Supporting people who inject drugs in Indonesia
If you inject drugs and are living with HIV, then you will need some kind of care and support to stay healthy and safe and not spread HIV to others. In Bandung, Java in Indonesia, our partner, a community-based organisation called Rumah Cemara, is providing just that kind of support. Among other things, it works in prisons with inmates who are HIV positive, and also runs a methodone support programme for other people who use drugs in the community.
It is part of the Community Action on Harm Reduction project; an ambitious five-country programme to provide HIV prevention and care services to people who use drugs. We focus on building the capacity of local community-based organisations and sharing knowledge about what works.
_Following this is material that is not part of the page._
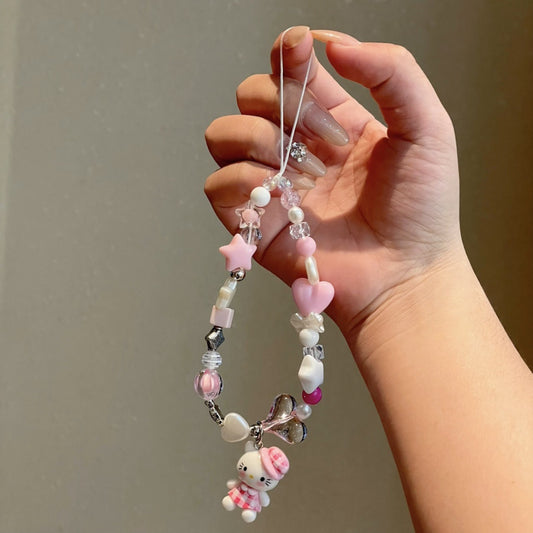 Cute Beaded Phone Charm & Wrist Strap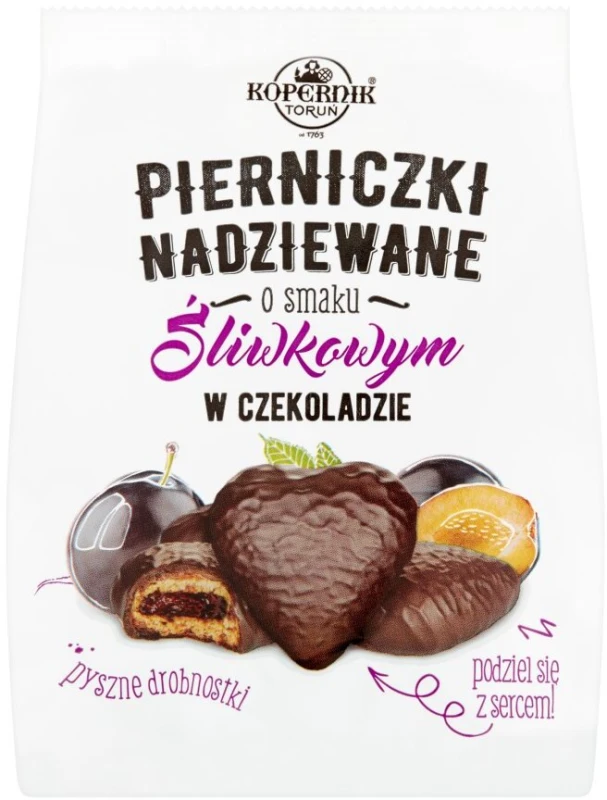 Pierniki Kopernik Serduszka nadziewane o smaku śliwkowym w czekoladzie, 150g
Prison pre-release programme
Banceuy prison in Bandung is one of only a few prisons in Indonesia that detains prisoners with drug-related convictions. Rumah Cemara has been working in Banceuy since 2004 and set up a peer support group in 2007 for HIV positive inmates.
The CAHR project specifically focuses on a pre-release programme to provide support to inmates who are in their last month before being released. Rumah Cemara works with the prison’s counselling department to provide HIV prevention information, advice and guidance for inmates who are leaving prison.
Support provides individuals with life skills and includes building their ability to manage their dependence on drugs and their HIV status. They are also given information about local HIV prevention and care services and support group details. Rumah Cemara works with prison staff to educate them about HIV prevention, HIV treatment and a harm reduction approach to drug use.
Methadone treatment has been proven over and over to prevent HIV transmission.
Methadone Therapy for people who use drugs
Local authorities introduced Methadone Maintenance Therapy (MMT) in Bandung in 2007 to reduce the dangers associated with injecting drugs. The greatest harm that comes from injecting drugs in Indonesia is HIV transmission. Methadone treatment replaces the need for opiates, and so people stop or reduce using drugs. This means they stop or reduce injecting. Methadone treatment has been proven over and over to prevent HIV transmission, and it also improves health in other ways as people stop injecting themselves. Neither do people need to find money to buy drugs.
The methadone clinic is located in Bandung at the Hasan Sadikin hospital, near the ART clinic. This helps to provide integrated services, which is important as one of the main drivers of the HIV epidemic in Indonesia is injecting drug use. Of the 210 people who have received services from the clinic, 78 active clients come on a regular basis.
Many reasons contribute to this high dropout rate. For example, some clients taking methadone experience very little change to their lives as they continue to take drugs. Some people have to make the journey every day to the clinic to take their medication and this may require them to travel long distances and pay for transport they cannot afford. For others, they meet people who are still using drugs in the vicinity of the clinic. The police target the area knowing they will find people with drugs on them and this instils enough fear that they stay away.
MMT can help people improve their quality of life but without proper support the chances are limited. Rumah Cemara through the CAHR project is providing this support for people on MMT. At their offices there are rooms for people to rest after taking their dose at the clinic. They can meet up and get peer-to-peer support. They can hear talks on motivation, self-acceptance, health and addiction.
With motivation and confidence MMT clients are showing that they can become role models for other clients. Some of the clients have made considerable progress: moving on in their lives, getting a job and enjoying a stable life.